### Work task
Repeat the entire listing exactly. Omit all pictures.

### Supplied data
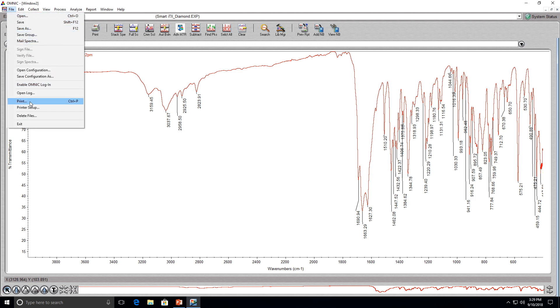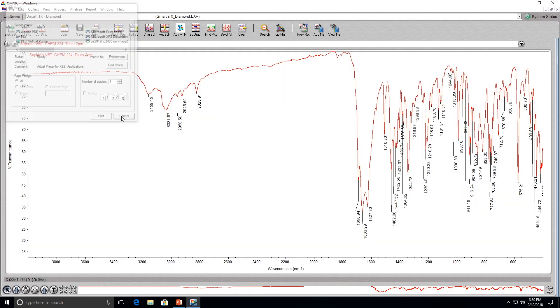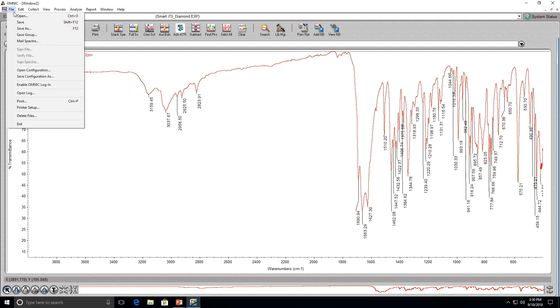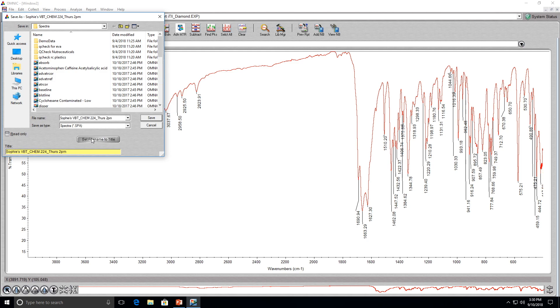Now that you're finished analyzing the spectrum, you can print it out to the desired printer by using the file drop-down menu and clicking on print. Before you exit the software, make sure to save your project to the computer. It should be saved as a .spa file. You can click on the set file name to title button if you want the file name to be the same as the spectrum title.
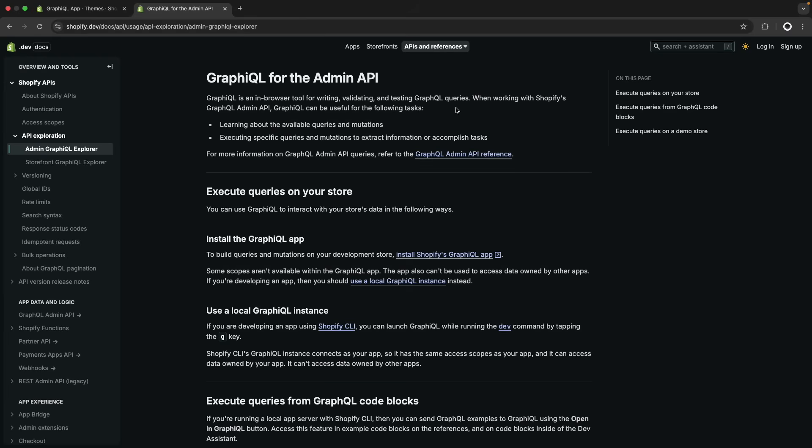Hello, in the following video we will see the GraphQL app for Shopify. With this app we will be able to run queries and mutations against the admin API of a Shopify store fairly quickly and directly from the browser.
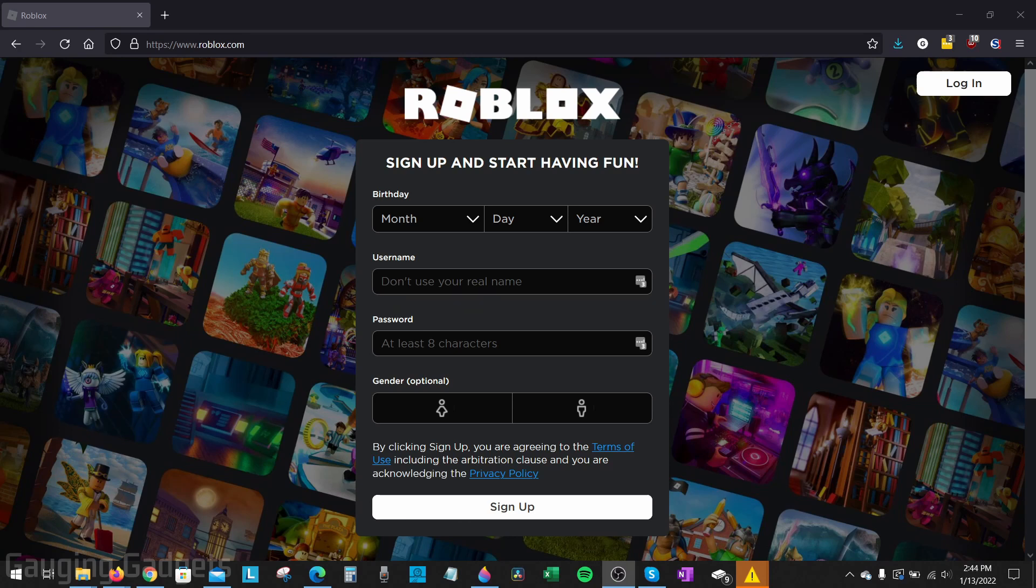Alright so let's go ahead and get started with how to change your password on Roblox. So to get started on a desktop computer the first thing we need to do is open up a browser and navigate to roblox.com.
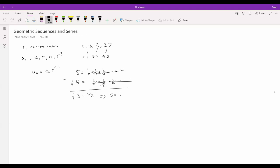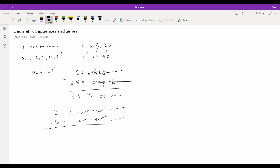To generalize to any infinite geometric series: S = a_1 + a_1·r + a_1·r² + ... Multiplying by r gives r·S = a_1·r + a_1·r² + ... Subtracting, S − r·S = a_1, so S = a_1/(1−r). This only works when the common ratio is between −1 and 1, because otherwise the sum would be infinitely large since the terms keep increasing.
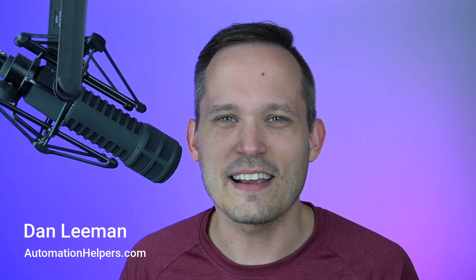Hi, I'm Dan Lehman from AutomationHelpers.com, a no-code implementation partner, and today we're going to talk about one of my favorite tools to be able to build as a front end for Airtable, and that is Softer.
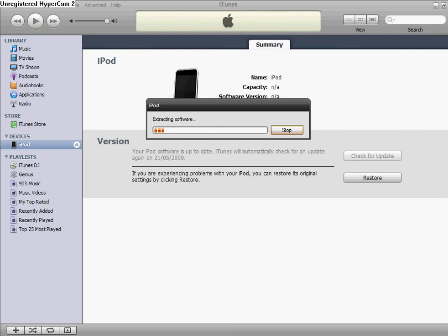Right, so this has been my tutorial on how to jailbreak an iPod Touch 2G. Don't forget to comment, rate, and subscribe, and see you guys next time. Bye.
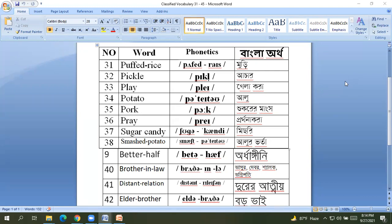39 better half, 40 brother-in-law, three better half ardhangini, better half ardhangini.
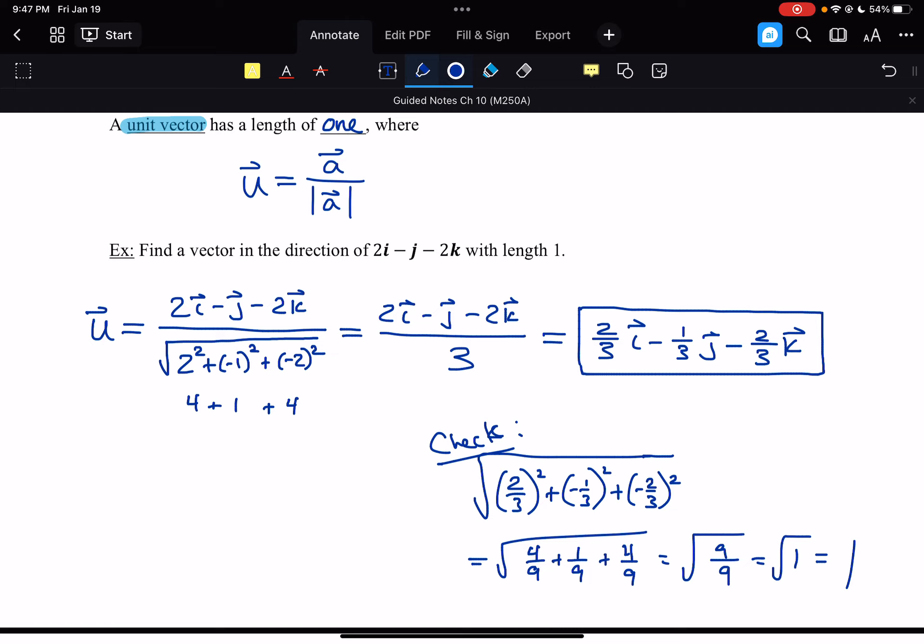That brings us to the end of section 10.2. In the upcoming sections, we're going to be looking at the different forms of vector multiplication. Vector multiplication is not as straightforward as algebraic multiplication — there are different ways we have to go about doing that, and we'll encounter those in the next couple of sections as we continue through chapter 10. But that brings us to the end of this section and our introduction to vectors.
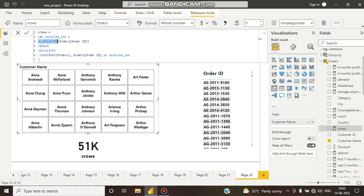What are the selected values? The selected values are the count of rows. For example, if COUNTROWS is 10 for a customer name, that means the customer placed 10 individual orders. And what ALLSELECTED is doing is creating a column of those 10 individual order IDs.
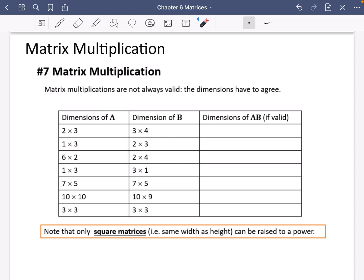So far we've worked out some things to do with addition and subtraction. The next thing we want to learn about is multiplication, and we'll later on talk about why there isn't really a division type thing with matrices, but there's a kind of thing like that. The seventh fundamental of matrices is about matrix multiplication, and something we need to know before we can start multiplying is that matrix multiplications are not always going to be valid — the dimensions have to agree.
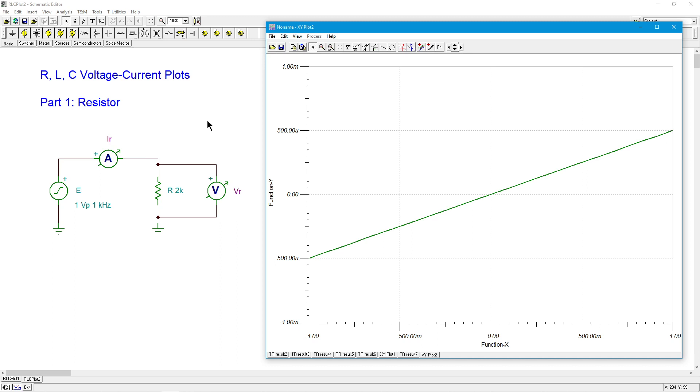Now, what we would like to do is switch over to the capacitors. See what's going on there. Are they different? And if they are different, how are they different? And then of course, in part three, we'll take a look at the inductors. All right. See you then.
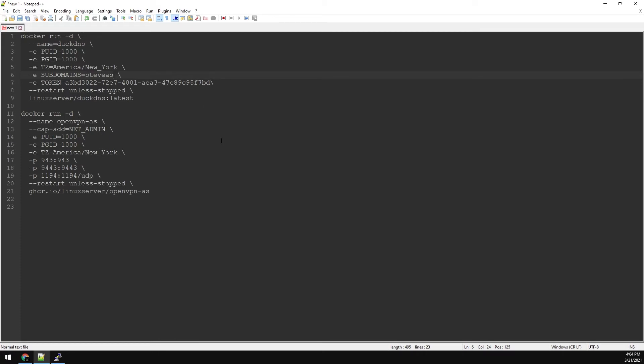We don't need to map any volumes for OpenVPN. The only variable you might need to change is the time zone. Now that we have our config, let's put it in our server.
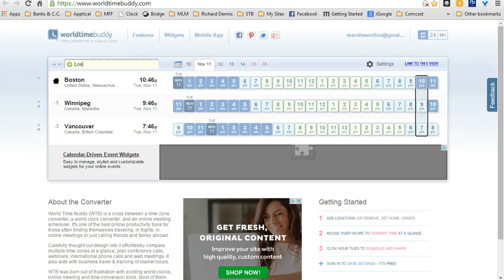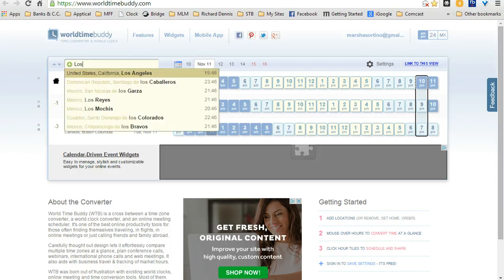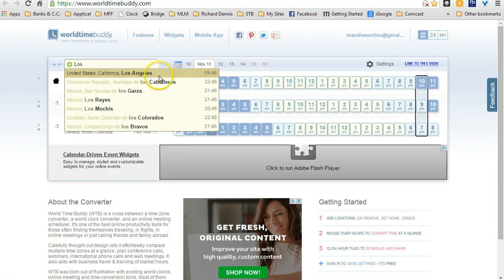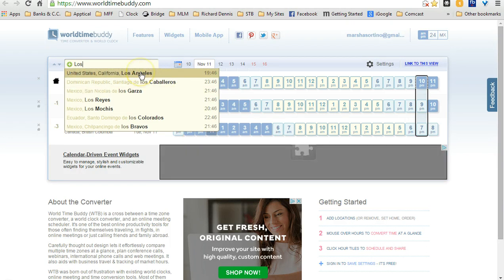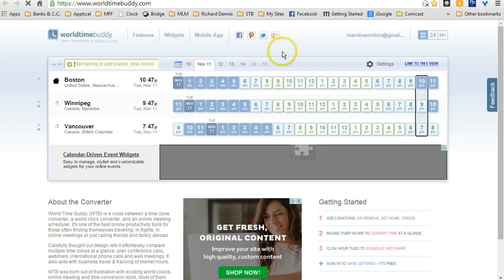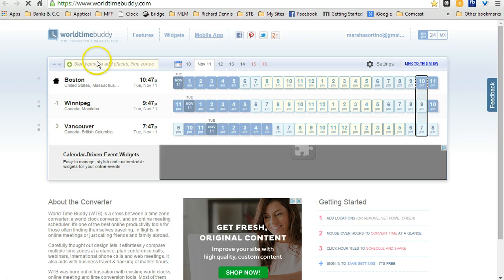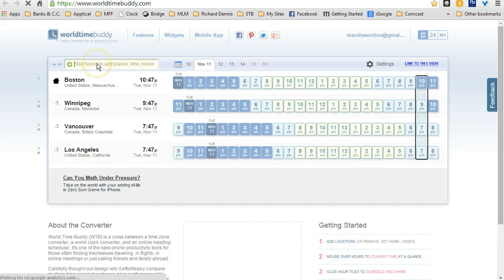Let's say I want to find Los Angeles. Most of us know the U.S. time zones, but just for the sake of this training, I'm going to show you how this tool works. So I type in, I find Los Angeles, I type it in, and it's actually going to populate on the screen so that you can see Los Angeles. And there it is.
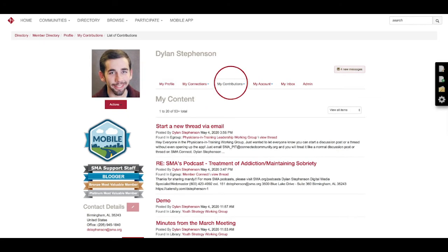It just shows you all the content you've posted, whether it's in draft mode or it's posted in a specific thread. This is where you can go to see everything that you've done. In case you want to change something or something needs to be updated, this is where you'll come for that.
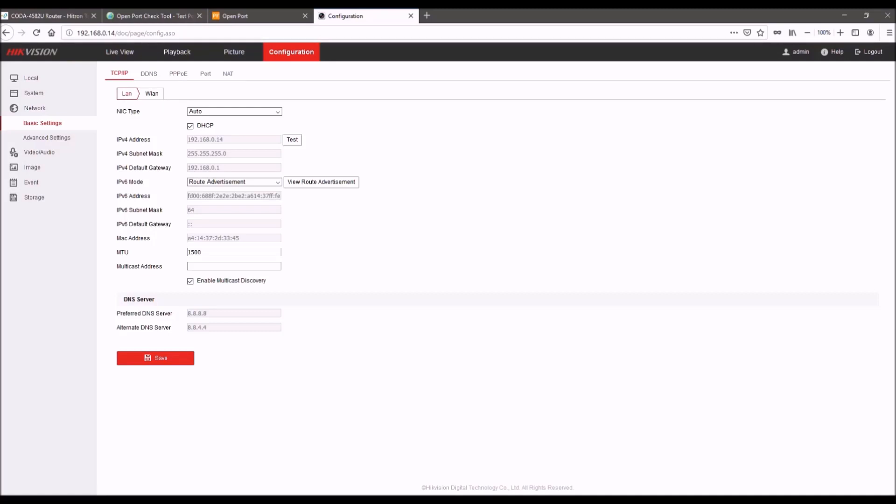So we would recommend you uncheck DHCP, select an IP that is not in use. You can check by clicking the test button for Hikvision, but just select one that's not in use. Typically, the one that was assigned to it by DHCP is fine. So you can just uncheck this and then leave it at the one that was selected. But if you want to do a more ordered approach where each camera is going to be .14, .15, .16, etc., just make sure that none of them are in use.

### Completed task
Now that you're finished analyzing the spectrum, you can print it out to the desired printer by using the file drop-down menu and clicking on print. Before you exit the software, make sure to save your project to the computer. It should be saved as a .spa file. You can click on the set file name to title button if you want the file name to be the same as the spectrum title.
Hello, in the following video we will see the GraphQL app for Shopify. With this app we will be able to run queries and mutations against the admin API of a Shopify store fairly quickly and directly from the browser.
Alright so let's go ahead and get started with how to change your password on Roblox. So to get started on a desktop computer the first thing we need to do is open up a browser and navigate to roblox.com.
To generalize to any infinite geometric series: S = a_1 + a_1·r + a_1·r² + ... Multiplying by r gives r·S = a_1·r + a_1·r² + ... Subtracting, S − r·S = a_1, so S = a_1/(1−r). This only works when the common ratio is between −1 and 1, because otherwise the sum would be infinitely large since the terms keep increasing.
Hi, I'm Dan Lehman from AutomationHelpers.com, a no-code implementation partner, and today we're going to talk about one of my favorite tools to be able to build as a front end for Airtable, and that is Softer.
Right, so this has been my tutorial on how to jailbreak an iPod Touch 2G. Don't forget to comment, rate, and subscribe, and see you guys next time. Bye.
39 better half, 40 brother-in-law, three better half ardhangini, better half ardhangini.
That brings us to the end of section 10.2. In the upcoming sections, we're going to be looking at the different forms of vector multiplication. Vector multiplication is not as straightforward as algebraic multiplication — there are different ways we have to go about doing that, and we'll encounter those in the next couple of sections as we continue through chapter 10. But that brings us to the end of this section and our introduction to vectors.
What are the selected values? The selected values are the count of rows. For example, if COUNTROWS is 10 for a customer name, that means the customer placed 10 individual orders. And what ALLSELECTED is doing is creating a column of those 10 individual order IDs.
So far we've worked out some things to do with addition and subtraction. The next thing we want to learn about is multiplication, and we'll later on talk about why there isn't really a division type thing with matrices, but there's a kind of thing like that. The seventh fundamental of matrices is about matrix multiplication, and something we need to know before we can start multiplying is that matrix multiplications are not always going to be valid — the dimensions have to agree.
Now, what we would like to do is switch over to the capacitors. See what's going on there. Are they different? And if they are different, how are they different? And then of course, in part three, we'll take a look at the inductors. All right. See you then.
We don't need to map any volumes for OpenVPN. The only variable you might need to change is the time zone. Now that we have our config, let's put it in our server.
Let's say I want to find Los Angeles. Most of us know the U.S. time zones, but just for the sake of this training, I'm going to show you how this tool works. So I type in, I find Los Angeles, I type it in, and it's actually going to populate on the screen so that you can see Los Angeles. And there it is.
It just shows you all the content you've posted, whether it's in draft mode or it's posted in a specific thread. This is where you can go to see everything that you've done. In case you want to change something or something needs to be updated, this is where you'll come for that.
So we would recommend you uncheck DHCP, select an IP that is not in use. You can check by clicking the test button for Hikvision, but just select one that's not in use. Typically, the one that was assigned to it by DHCP is fine. So you can just uncheck this and then leave it at the one that was selected. But if you want to do a more ordered approach where each camera is going to be .14, .15, .16, etc., just make sure that none of them are in use.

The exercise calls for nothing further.